Estrategia de la muerte que contó con el apoyo, acompañamiento y asesoría de militares extranjeros, el ejército nacional, la policía y las agencias de inteligencia, en una espantosa cruzada anticomunista que pasaba por sacar a la fuerza, lo que se conoce como desplazamiento forzado, a millones de familias campesinas que tuvieron que dejar sus casas, pertenencias y parcelas de tierra que pasaron a engrosar la de los grandes terratenientes y nuevos ricos que se hicieron a millones de hectáreas de tierra a punta de masacres, motosierras y terror. 

Como jefe supremo de las Fuerzas Armadas dio la orden a su ministro de defensa, Juan Manuel Santos, de bombardear un campamento de las Farc en Ecuador violando la soberanía del vecino país, en el 2008, donde murió Raúl Reyes, uno de los máximos comandantes de esta guerrilla.  
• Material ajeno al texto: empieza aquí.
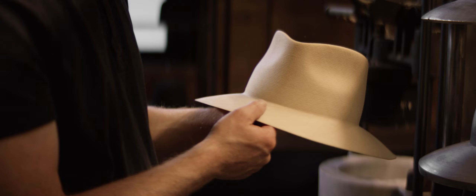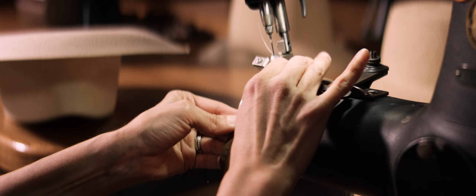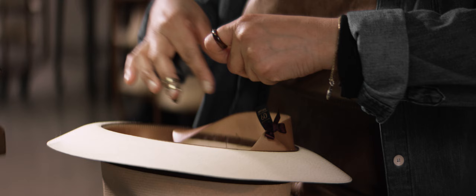When we receive them back in for service, the entire hat is stripped down. It is completely soaked, scrubbed, clean, and rebuilt on the original molds in which it was made.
El de Álvaro Uribe nunca fue un gobierno para la paz sino para la guerra, que adornó con sus famosos y pintorescos tres huevitos: la seguridad democrática, la confianza inversionista y la cohesión social, que no fueron más que parte de los componentes espurios de una estrategia de guerra que costó la vida de miles de colombianos; haciéndole creer a más de medio país, no está por demás recordarlo, que de lo que se trataba era de poder viajar por carretera a la finca, una vez estas fueron despejadas de “terroristas”. 

Desde que llegó a la presidencia en el 2002 con el 53% de los votos, su influencia en la vida política, la economía y la nación no ha parado, aunque hoy es evidente su desgaste. Y es en medio de ese desgaste, pues no hay estrategia eterna como tampoco presidente que lo sea, que ha sido llamado por la Corte Suprema de Justicia para que enfrente las acusaciones y las pruebas que tiene el alto tribunal de una parte de los delitos que ha cometido. 

Algunos pocos fanáticos entre sus seguidores han dicho que si es encarcelado su “eterno presidente”, el “intocable”, habrá guerra civil. Ciegos ante la que llevamos por más de 60 años, nunca declarada y a cuentagotas, y aún así ha dejado una insuperable montaña de muertos. ¿Cuál será que los demás no vemos? ¡Ilumínalos, señor!